I said, "Young man, how does it come that you were on the battlefront and a conscientious objector?" He said, "Well, I just decided that I could serve the Lord there as well as anywhere else, if I didn't have to kill anybody." That was a real honest, conscientious young man, trying to do the best he could for his country yet still sticking to his beliefs.
I had another young man with both legs off up to here, and in a wheelchair. He had a fantastic citation, one that was almost unbelievable. When I gave him the medal I said, "Young man, you have made a great sacrifice for your country." "Well," he said, "Mr. President, I just have one life to give for my country, and it still can have it if it wants it."
Now that is what makes up the backbone of this country. That is a cross section of the United States, where you good people come from.
Now, it is your business to see that the laws of the United States of America are properly and rigidly enforced, for the welfare of the country.
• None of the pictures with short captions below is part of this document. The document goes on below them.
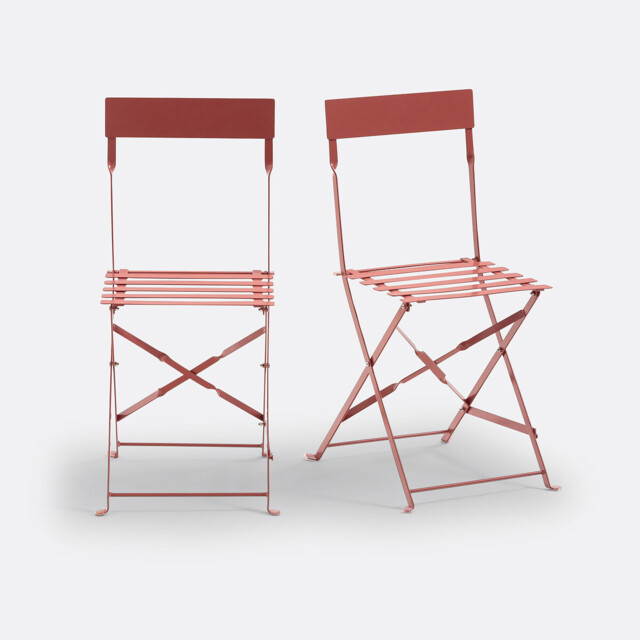 Set of 2 Ozevan Folding Metal Chairs - image 1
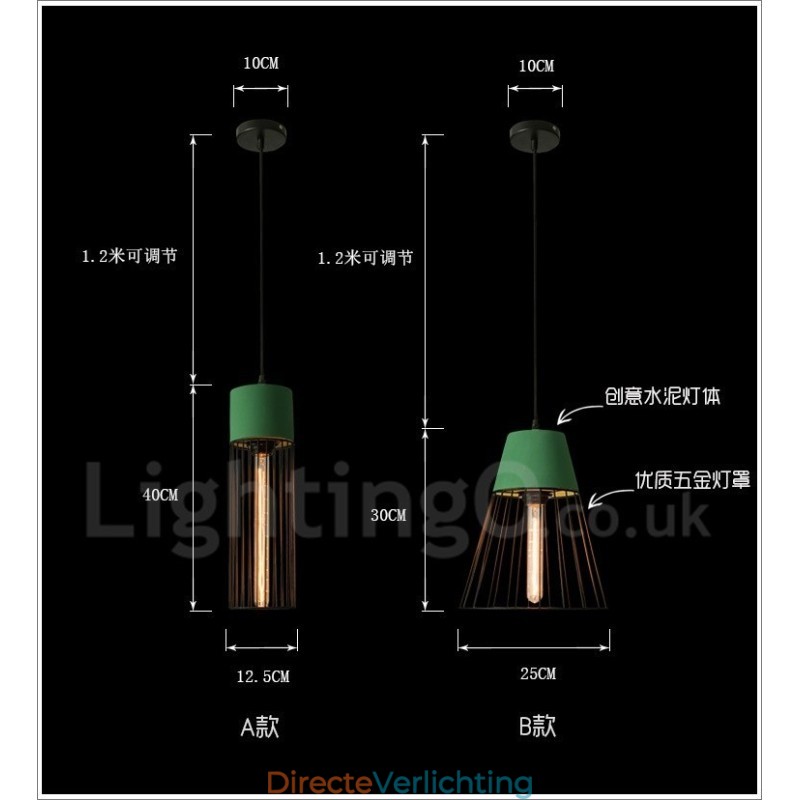 1 Licht Metalen Beton Hanglamp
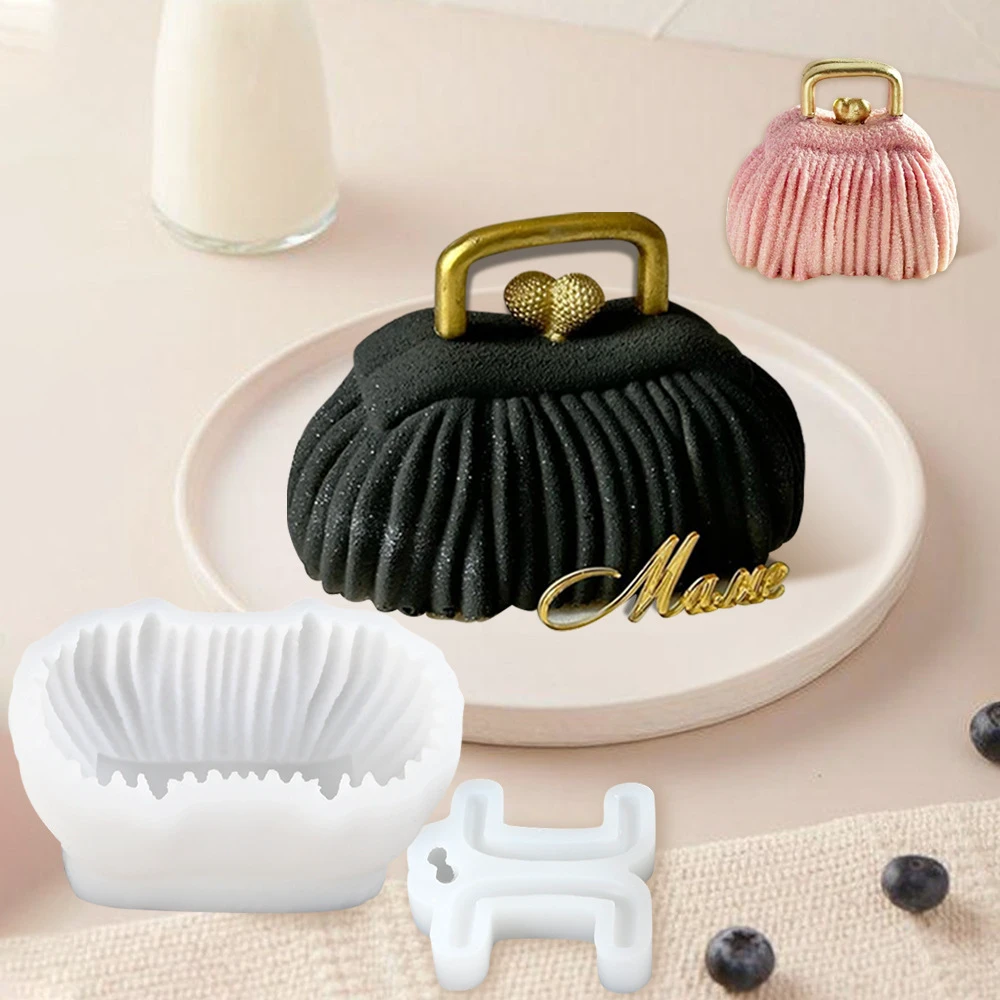 3D Fashion Bag Silicone Mold Fondant Chocolate Mousse Cake Mould Diy Clay Resin Candle Decorating Tool Pastry Bakeware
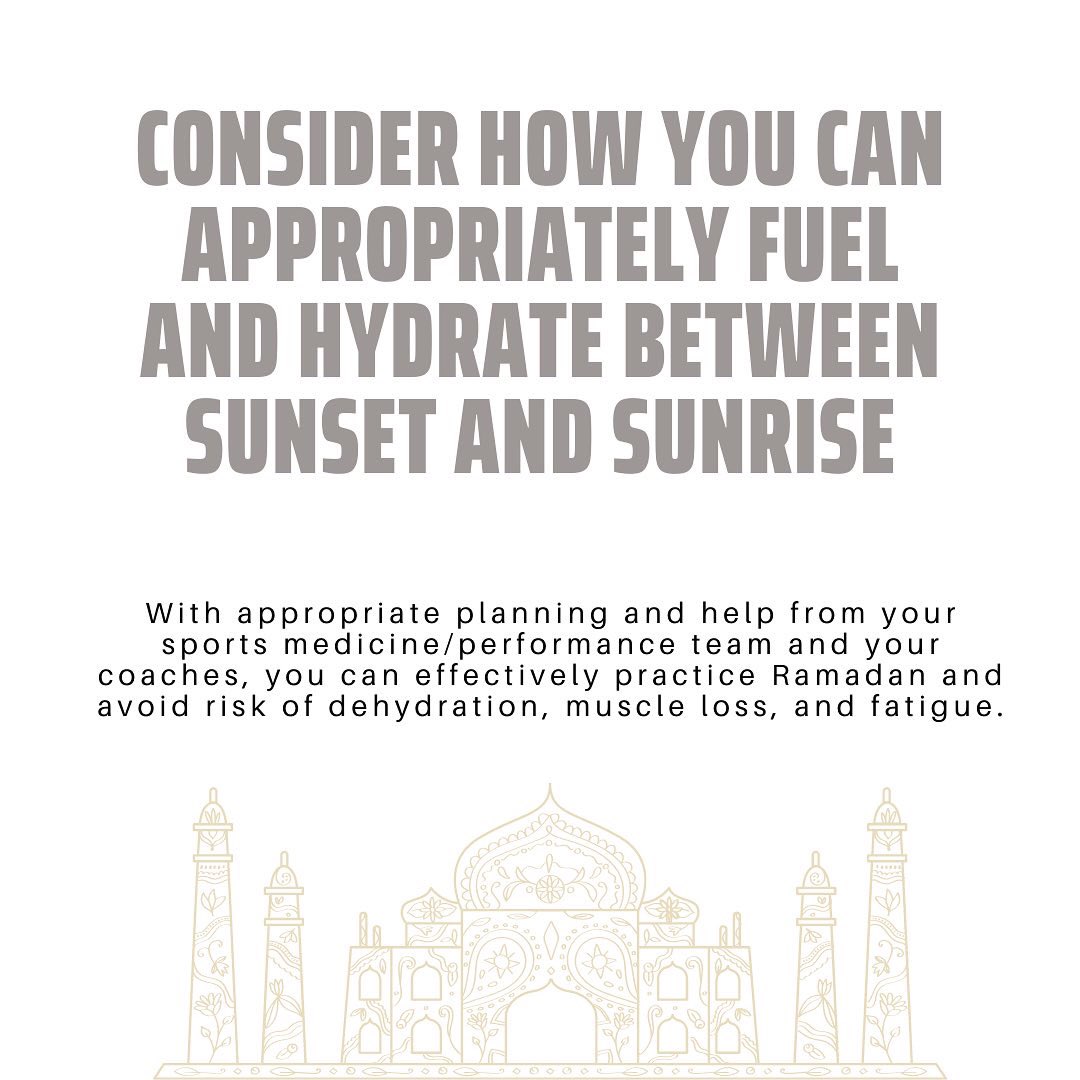 Fueling for Ramadan should be an individualized approach - make sure to let your Sports RD know if you are observing!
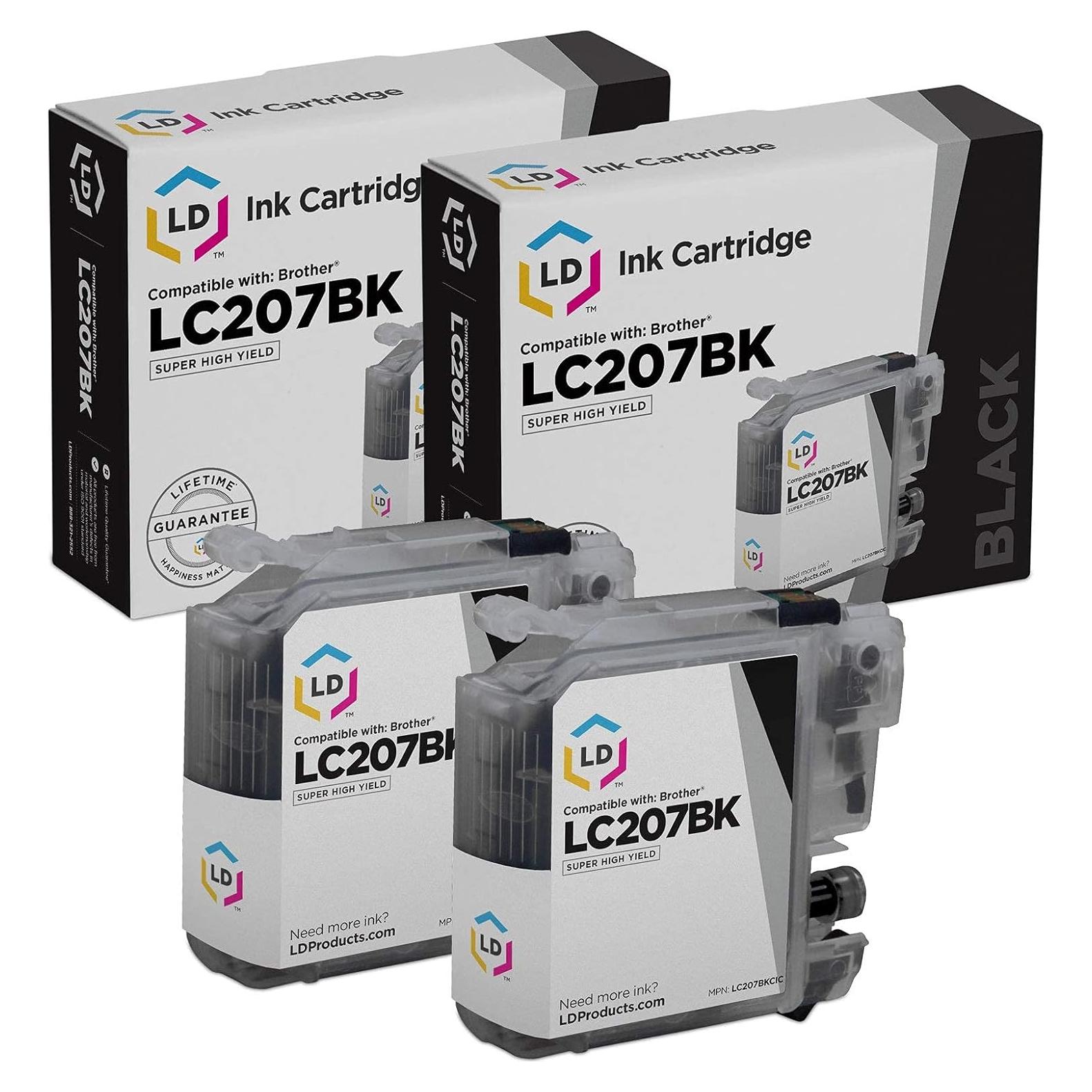 Cartucho de tinta negro compatible Brother LC207BK 2-Pack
As I have told you once before, I don't want you to persecute anybody. It is your business to see that when men who are brought to the courts where you have to act as United States attorneys-it is your business to see that they have a fair trial, as well as to see that they are punished for their misdeeds.
We have had crime investigations by Senate committees, with which we cooperated entirely and fully. I called the Attorney General and the head of the collection agency over here--Internal Revenue Department-and all the other agencies that have to do with law enforcement, and told them to give the committees all the cooperation they could. When the committees have found certain things that exist that ought not to exist in this country, most of them are things that should be remedied by the State governments. Some of them are things that affect the United States and interstate business.
And it is your business to see that those things that affect the laws of the Federal Government are taken care of, that every man who has been breaking those laws is punished.
But I want to reiterate again that justice is what we are after. We are not out to persecute anybody. We are out to see that the good people are not harmed by criminals. But we must also see that no innocent man gets punished for something that he did not do.
Now, I am most happy to have you here. I appreciate your willingness to come and call on me. I know you are going to have a constructive--and have had a constructive-meeting, and that when you go back you will be feeling more like doing your job than you did when you came here.
Have a good time while you are here. Washington is a wonderful place to visit, but it is an awful place to live in.
Thank you very much.
Note: The President spoke at 12:35 p.m. in the Rose Garden at the White House. In his opening words he referred to Attorney General J. Howard McGrath.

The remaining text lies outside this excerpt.